It was a rather sobering and uncomfortable experience being on the other side of the fence. You see, with the life I currently lead heartfelt farewells are a common occurrence and they definitely don’t get any easier. As much as I hunger and strive for mastery of the nomadic biking life I live, there is no mastery of the emptiness you feel when another leaves. One does not conker it but endures knowing that eventually it will fade and what will remain are nostalgic memories of a time that once was.
Having met Silke originally in San Cristobal de las casa, Mexico and spent the last few weeks with her and her family in Belgium, we had grown close. Her and I share the same deep underlying feelings for a sense of freedom in a world that can feel scripted, disconnected from what we believe brings meaning in life. In a world where the makings of success gravitate to having the big job, the fancy car, the biggest house, it can be hard to find others who resist and subscribe to chasing just what feels right.

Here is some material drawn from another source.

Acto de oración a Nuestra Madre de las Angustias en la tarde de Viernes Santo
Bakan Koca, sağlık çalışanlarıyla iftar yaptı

It’s this pursuit that allowed us to find each other and sadly what takes us away too.
This time it’s different though. It’s not me packing my bike, checking I haven’t forgotten anything, overcoming those feelings that I am sure I have before final hugs and setting off. Instead, it’s her departing on a flight across the world and I’m the one that stays. It’s a rather sober reminder that although you don’t want it to end you do. It’s the end of one period in life that allows the next to begin and eventually bloom into something hopefully special and memorable. It’s the circle of life, the birth and eventual death of the moments we seek where we feel alive. The memories are what live on.
More than a sober awakening, it’s an uncomfortable reminder of what you put others through every time you depart. To seek adventure, to do just what feels right. It’s quite a selfish act really, to wittingly or not hold the power cards that decide when the music stops and you leave. For family, it can be a very extended period of time lasting for years before you return. For some friends you make on the road, you deep down know you’ll likely never cross paths again. It’s with these uncomfortable feelings on my mind that I prepare for my very own departure.